[Records for the exercise Boundary: Start]
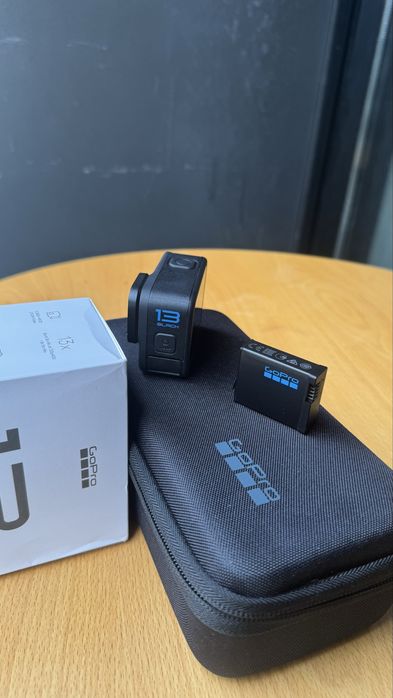 GoPro Hero 13 + Cartão de 128GB + Bateria extra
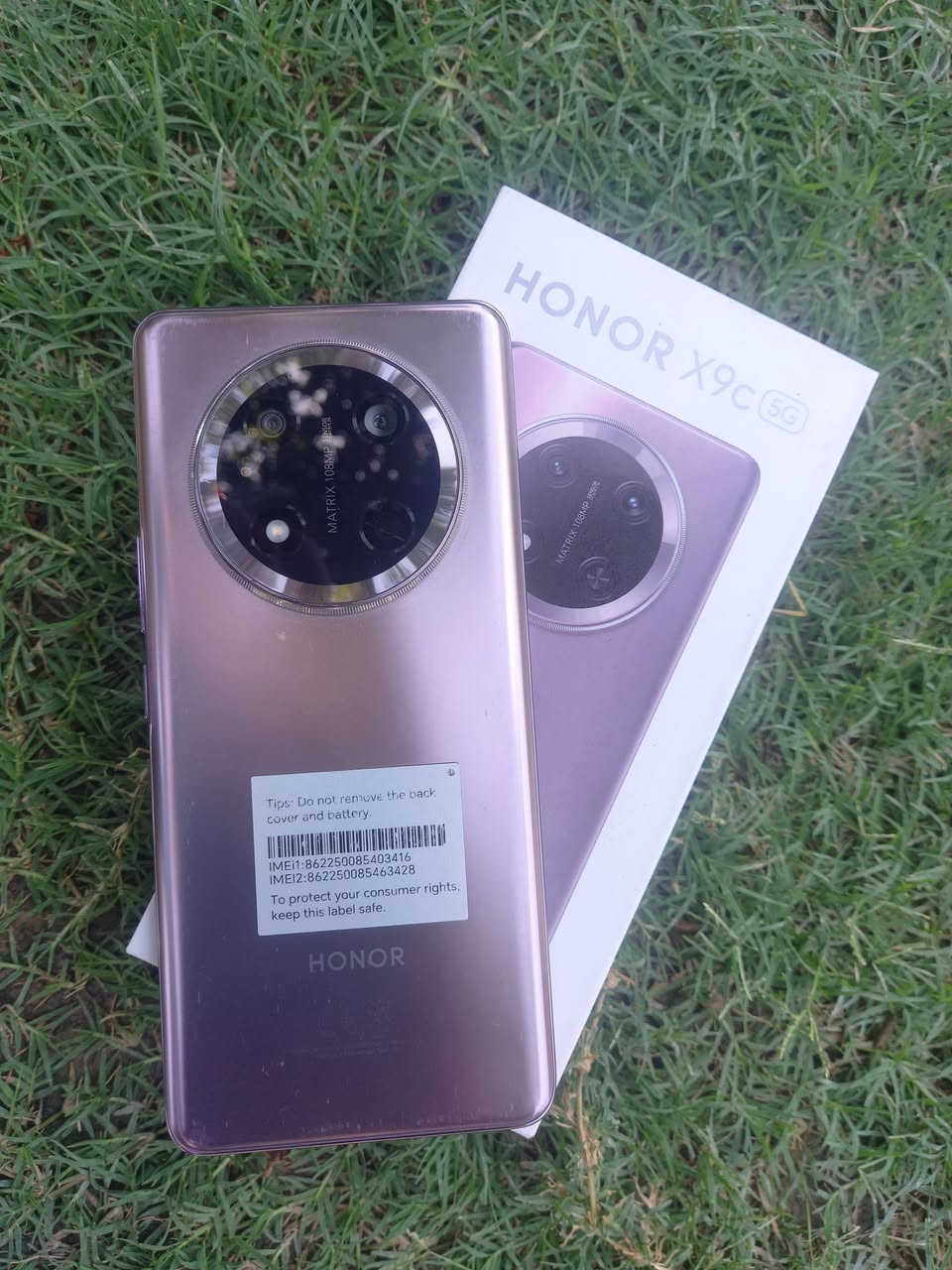 متاح HONOR9Cذاكره256رام12+12
جهاز شرط فقط بي هاي الملاحظه مثل ما واضح بالصور نقطه بسيطه كلش بطرف الشاشه وجهاز ضمان وكفاله من كل خلل او عيب ثلاث ايام ...
سعر 325معا كارتون وملحقاتها كامل
تواصل خاص***********
المواصفات الرئيسية للجهاز
الشاشة
: منحنية من نوع AMOLED بمقاس 6.78 إنش، تدعم معدل تحديث 120Hz وسطوعًا عاليًا جداً يصل إلى 4000 شمعة.
المعالج
: من نوع Qualcomm Snapdragon 6 Gen 1 بدقة تصنيع 4 نانومتر.الذاكرة العشوائية: 12 جيجابايت فعليّة، وتدعم ميزة توسيع الرام (RAM Turbo) لإضافة ذاكرة افتراضية إضافية.
البطارية: 
ضخمة بسعة 6,600 مللي أمبير تدعم الشحن السريع بقوة 66 واط.
الكاميرا الخلفية
: أساسية بدقة 108 ميجابكسل تدعم التثبيت البصري (OIS)، مع كاميرا واسعة بدقة 5 ميجابكسل.الكاميرا الأمامية: بدقة 16 ميجابكسل.المتانة: 
الهاتف معزز بتقنيات متطورة لمقاومة السقوط من ارتفاع يصل إلى مترين، ومقاوم للماء والغبار بمعيار IP65M.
[Records for the exercise Boundary: End]
■ **Assigned task**
I'd like the entries above repeated exactly, but without any of their pictures.

■ **Output**
 GoPro Hero 13 + Cartão de 128GB + Bateria extra
 متاح HONOR9Cذاكره256رام12+12
جهاز شرط فقط بي هاي الملاحظه مثل ما واضح بالصور نقطه بسيطه كلش بطرف الشاشه وجهاز ضمان وكفاله من كل خلل او عيب ثلاث ايام ...
سعر 325معا كارتون وملحقاتها كامل
تواصل خاص***********
المواصفات الرئيسية للجهاز
الشاشة
: منحنية من نوع AMOLED بمقاس 6.78 إنش، تدعم معدل تحديث 120Hz وسطوعًا عاليًا جداً يصل إلى 4000 شمعة.
المعالج
: من نوع Qualcomm Snapdragon 6 Gen 1 بدقة تصنيع 4 نانومتر.الذاكرة العشوائية: 12 جيجابايت فعليّة، وتدعم ميزة توسيع الرام (RAM Turbo) لإضافة ذاكرة افتراضية إضافية.
البطارية: 
ضخمة بسعة 6,600 مللي أمبير تدعم الشحن السريع بقوة 66 واط.
الكاميرا الخلفية
: أساسية بدقة 108 ميجابكسل تدعم التثبيت البصري (OIS)، مع كاميرا واسعة بدقة 5 ميجابكسل.الكاميرا الأمامية: بدقة 16 ميجابكسل.المتانة: 
الهاتف معزز بتقنيات متطورة لمقاومة السقوط من ارتفاع يصل إلى مترين، ومقاوم للماء والغبار بمعيار IP65M.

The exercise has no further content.